Bayesian neural networks (BNNs) offer a natural probabilistic formulation for inference in deep learning models. Despite their popularity, their optimality has received limited attention through the lens of statistical decision theory. In this paper, we study decision rules induced by deep, fully connected feedforward ReLU BNNs in the normal location model under quadratic loss. We show that, for fixed prior scales, the induced Bayes decision rule is not minimax. We then propose a hyperprior on the effective output variance of the BNN prior that yields a superharmonic square-root marginal density, establishing that the resulting decision rule is simultaneously admissible and minimax. We further extend these results from the quadratic loss setting to the predictive density estimation problem with Kullback--Leibler loss. Finally, we validate our theoretical findings numerically through simulation.
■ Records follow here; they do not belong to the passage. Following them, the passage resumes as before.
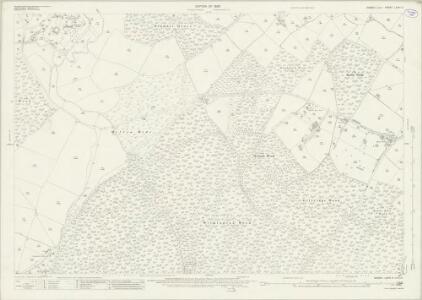 Sussex LXVIII.4 (includes: Arlington; Hailsham; Wilmington) - 25 Inch Map
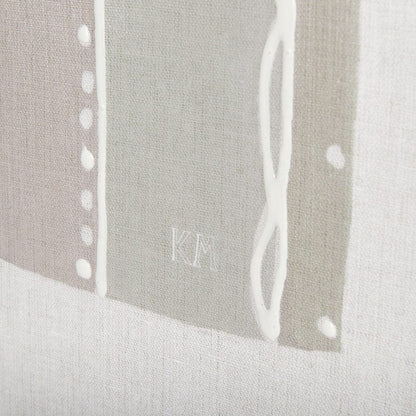 Mercana - Pavilion Neutral I by Mercana Studio a Hand Embellished Textured Canvas - 102415-L view 6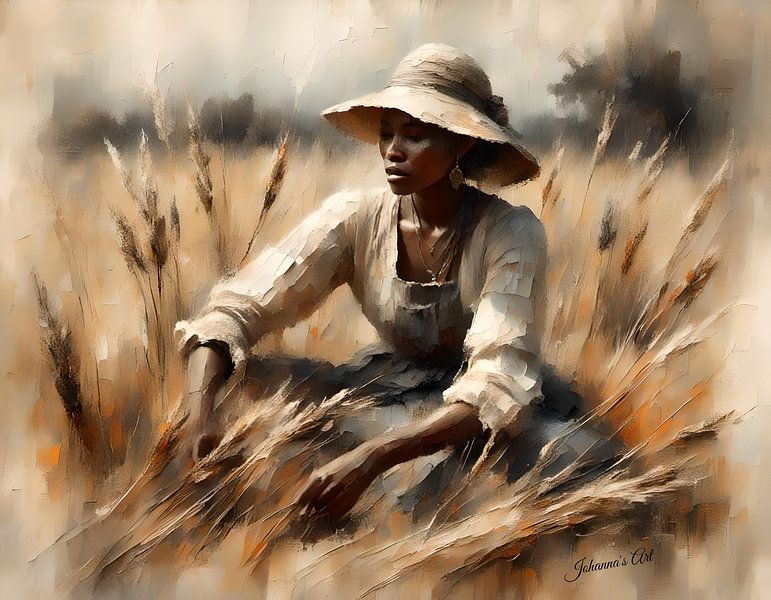 The Weeping Fields 16 by Johannas Art Creations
翻译：贝叶斯神经网络为深度学习模型中的推断提供了一种自然的概率论表述。尽管其广受欢迎，但其最优性在统计决策理论的视角下鲜受关注。本文研究了在正态位置模型下、二次损失函数中由深度全连接前馈ReLU贝叶斯神经网络所诱导的决策规则。我们证明，在固定先验尺度下，贝叶斯决策规则并非最小最大。继而，我们提出一种针对贝叶斯神经网络先验有效输出方差超先验，该超先验可产生超调和平方根边缘密度，从而确保所得决策规则同时具备可容许性与最小最大性。我们将这一结果从二次损失场景进一步推广至基于库尔贝克-莱布勒损失的预测密度估计问题。最后，通过数值模拟验证了我们的理论发现。